Thoughts on the social justice statement (part 4)
Let me get right to the primary point of the final post in this series -- "The Statement on Social Justice & the Gospel" would have profited from a different approach.
It would have been much better if the statement had not been just a list of affirmations and denials. It would have been much better if, instead, the original signers had produced a document that interacted with the ideas of other equally Bible-based and equally gospel-focused brothers and sisters who approach some of the issues at hand in different ways. It would have been much better if, instead, they had produced a piece that acknowledged and dealt with America's centuries-long history of slavery, subjugation, segregation or discrimination in light of the gospel of Jesus.
Of course, that approach would have been more complicated. It would have taken more time. It would have required listening to and talking to fellow saints who offered different insights. It might have called for a public symposium and a document that outlined the areas of agreement and disagreement. It would have cost more.

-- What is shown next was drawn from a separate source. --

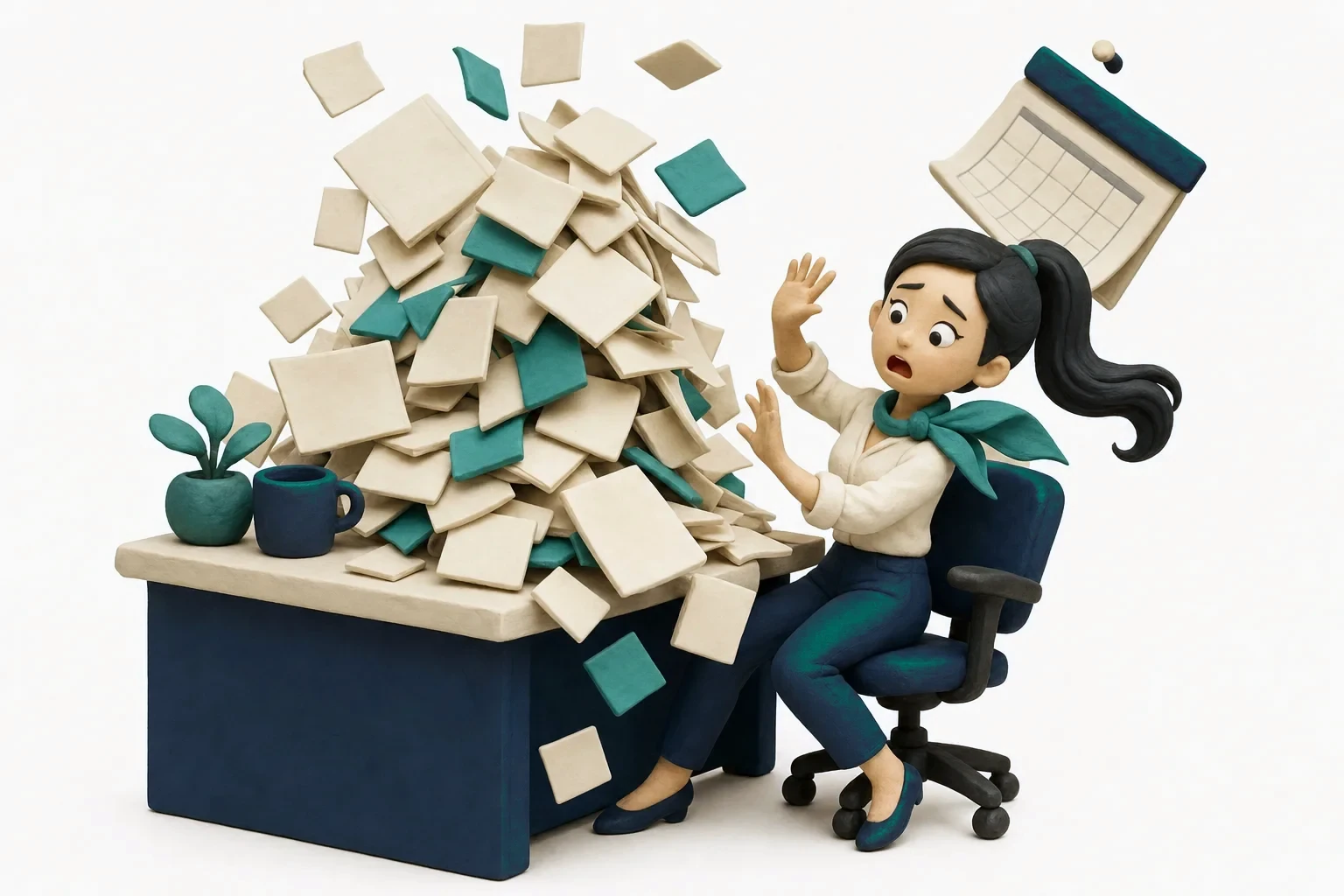 Buried under an avalanche of creative requests, the wall calendar slipping off its hook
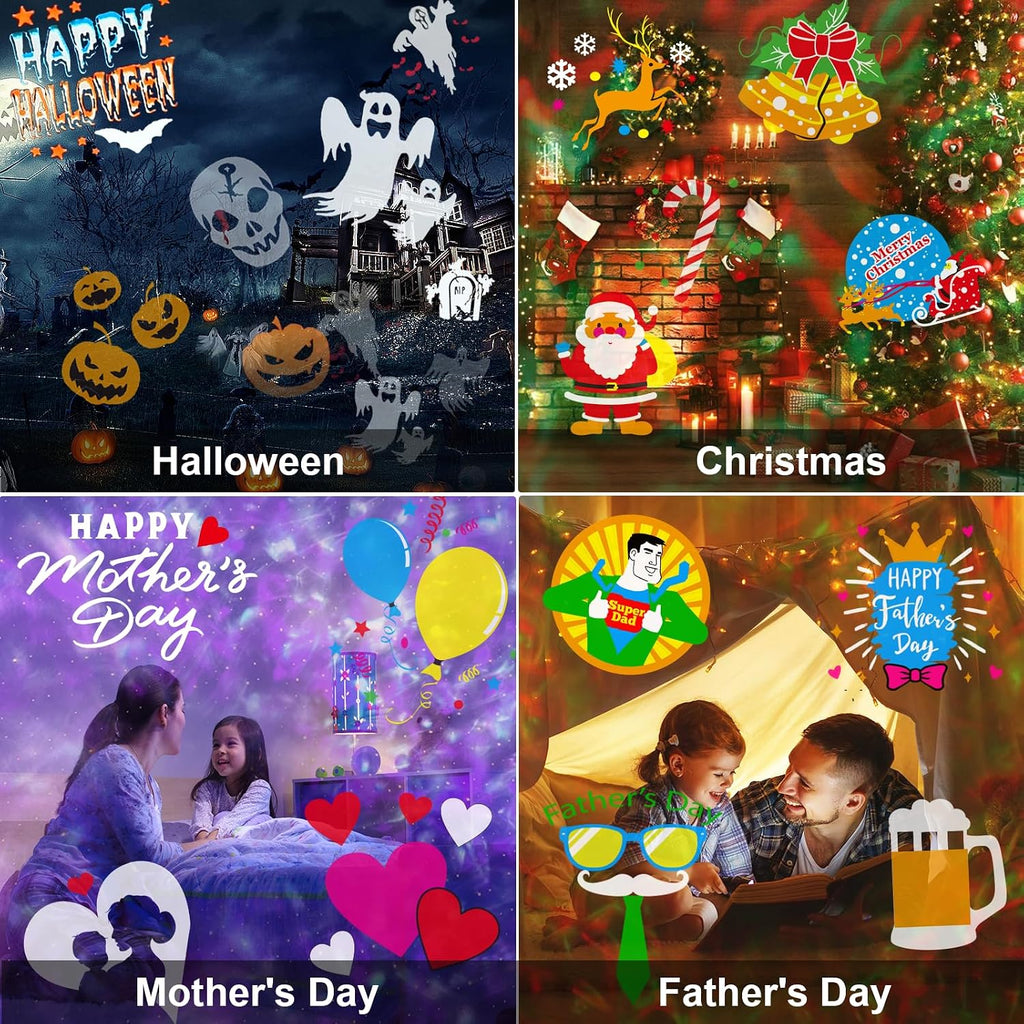 2026 Brighter Halloween Projector Lights,FLITI 19HD Slide (Ocean Wave & Patterns),11 Themes Holiday Projector with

But it would have been worth it on this issue. Such an approach and document would have provided a greater benefit to the church in America and a more winsome witness to those outside the church in America. A process focused on truth while marked by grace and love -- as well as a document that represents views on all sides charitably -- could have offered an antidote to the harshness and unkindness that marks too much of the online communication by evangelicals.
Maybe the original signers sought to do this very thing, but the explanation in the social justice statement about its origin does not mention such an effort.
Yes, my suggestion sounds naive and idealistic, maybe even foolish. But our Lord came "full of grace and truth" (John 1:14), and we are to be like Him. And the message we proclaim is foolishness to the world (I Corinthians 1:18-25), and we are to expect some charges of foolishness -- even if they come from within evangelicalism. Shouldn't we strive not just to speak the truth but to do it graciously by reaching out to those with a common commitment to Scripture and the gospel and by seeking to understand and to represent others' viewpoints accurately no matter what side they are on?
It would have helped at this moment in time to have a document that not only strongly defends the gospel, which is vital, but also addresses with clarity the implications of that gospel for the church in a country that has long struggled with achieving justice for the vulnerable and marginalized. It would have helped to have a document that provides guidance on how the gospel enables us to love our neighbors publicly and informs our attitude and actions regarding injustice toward ethnic minorities, the unborn, the disabled, the terminally ill and beleaguered refugees.
Maybe that document will yet come from followers of Christ who are at this time on opposite sides of the social justice debate.